Chestnut Hill Farm in Southborough looks how I imagine Massachusetts looked in its agrarian past. It’s much more open and exposed than the other hikes we’ve done. The trail runs adjacent to (and partially through) a working farm. We got to see cows and tractors, which was predictably thrilling for the children.
We did this hike with a pretty large group of homeschoolers. Including our family, there were six moms, one dad, one grandma, and twelve children ranging in age from fifteen years down to six weeks. Having such a large group provided us with some great conversation. It also made it even more challenging to decide which path to take when the trail we were looking at did not match what was represented on the map. Trail selection by consensus isn’t fun, but having everyone look at me to decide which direction to go was rather more responsibility than I’d banked on. Out and back it was, as I didn’t want to be responsible for losing this very nice group of people, most of whom I’d just met.
We did, however, make it out and back fine. We never did find the side trail we’d intended to take, but we got to see flowers and spider webs and ticks and inchworms. The kids and I kept up our tradition of spotting amphibious life by seeing a tiny little toad. She hopped away before I had a chance to take her portrait.
As with most of our other hikes, there was no restroom, but there was an ample supply of maps at the information kiosk. As mentioned before, the map was of limited utility and the trails themselves were not clearly blazed.
The trail we took was, however, wide and fairly smooth, and I think it would have admitted a jogging stroller with little to no trouble. It went by what appeared to be an open-air storage location for manure, which was a little smelly, but aside from that, it was quite pleasant.
It’s probably reasonable to explain at this point that I’m generally not going to give a hike a negative review. I think that a hike is what you make of it. There’s so much personal opinion when it comes to hikes. Some like to follow what to me looks like little more than a deer path through thick woods and underbrush. Others prefer a three-foot-wide paved trail with interpretive placards every 50 yards along the way.

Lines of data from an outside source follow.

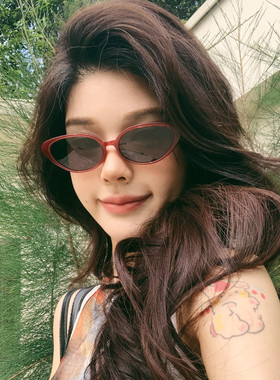 新款复古猫眼红色墨镜女高级感辣妹风假日出游遮阳防紫外线太阳镜
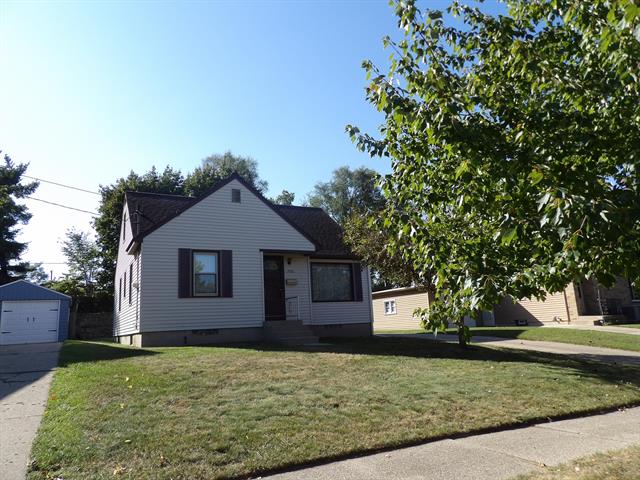 front view picture of 750 Halena Street Street Ne, Grand Rapids, MI. 49505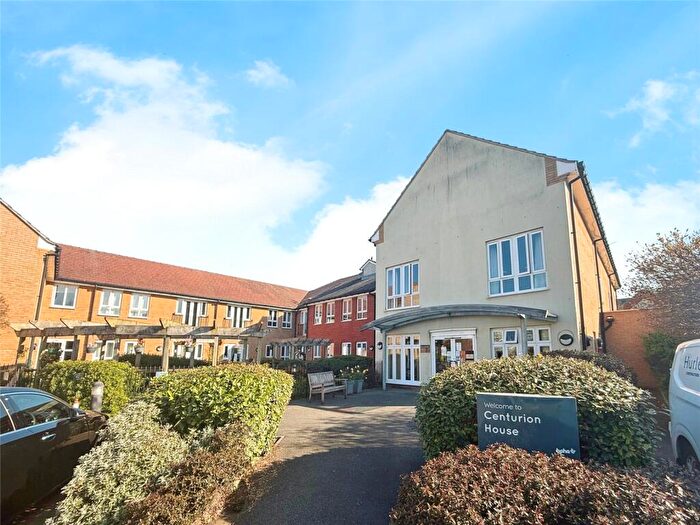 1 Bedroom Apartment For Sale In Coach House Mews, Bicester, Oxfordshire, OX26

Me? I like it all, although the overgrown, poorly blazed trails trigger my unreasonable anxiety about ticks and poison ivy and make me wish I’d paid attention in Girl Scouts when we learned to use a compass. And that I’d brought a compass with me. Except that if I had a compass, everyone would assume I knew what I was doing. I would rather not give that impression if I can help it. I just like to walk around outside.
Even a bad day hiking I won’t generally attribute to a “bad” trail. With the possible exception of a narrow trail that runs along a steep dropoff with no railing. (Utah, I’m looking at you.)